Stored records
____
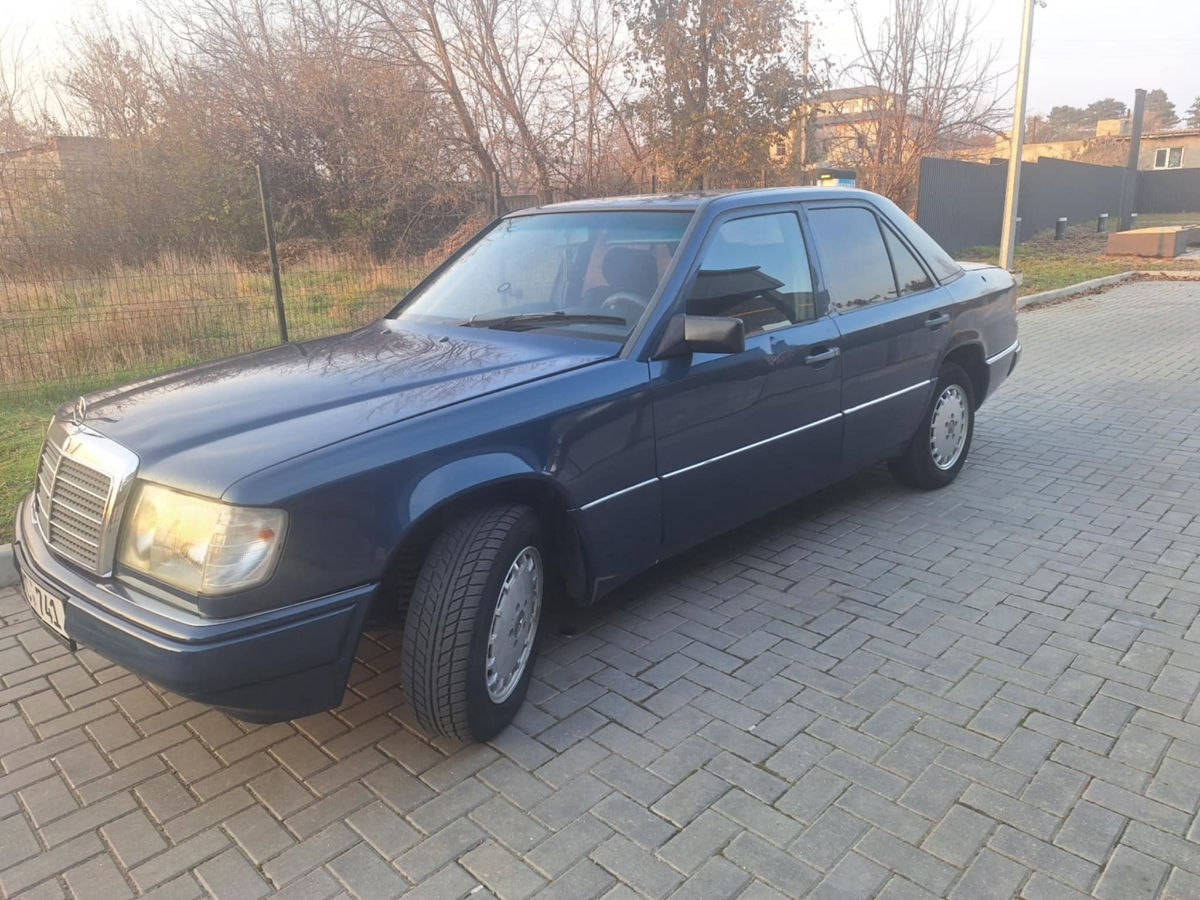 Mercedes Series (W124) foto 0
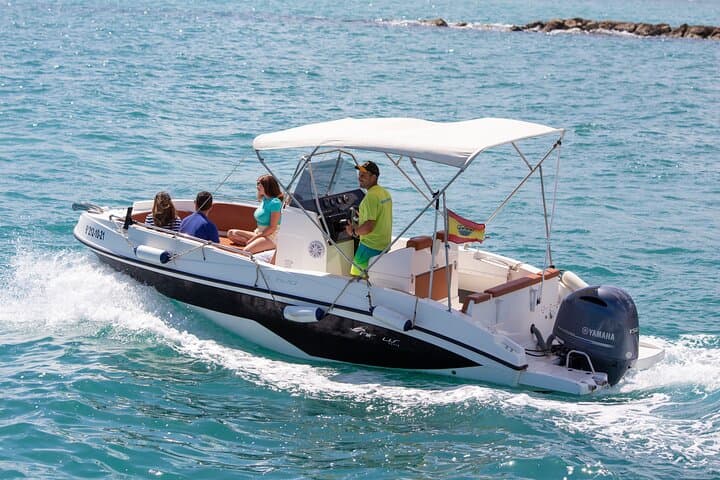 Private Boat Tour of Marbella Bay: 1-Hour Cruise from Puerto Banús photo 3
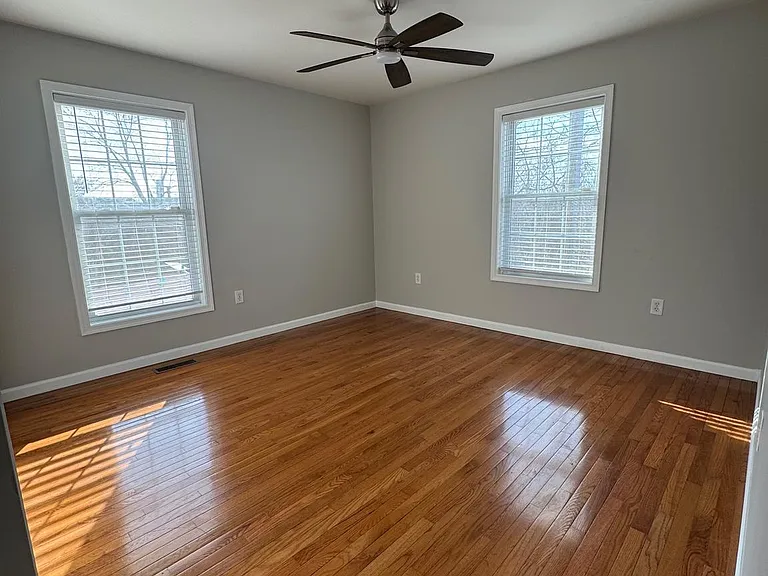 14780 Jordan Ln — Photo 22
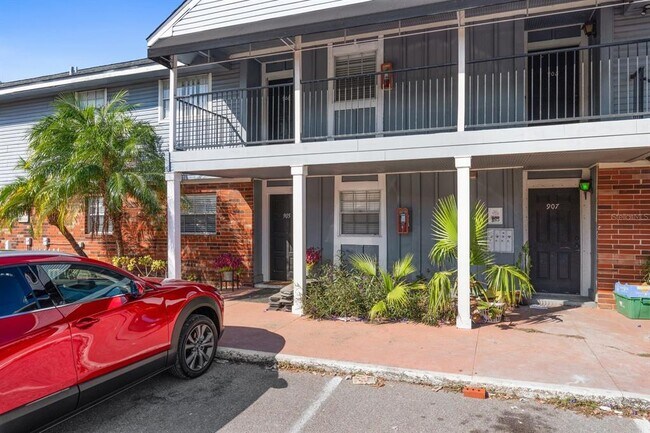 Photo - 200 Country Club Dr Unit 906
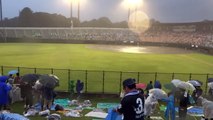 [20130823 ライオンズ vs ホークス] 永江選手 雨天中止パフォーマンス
____
Retype all entries above verbatim; no pictures belong in the copy.

 Mercedes Series (W124) foto 0
 Private Boat Tour of Marbella Bay: 1-Hour Cruise from Puerto Banús photo 3
 14780 Jordan Ln — Photo 22
 Photo - 200 Country Club Dr Unit 906
 [20130823 ライオンズ vs ホークス] 永江選手 雨天中止パフォーマンス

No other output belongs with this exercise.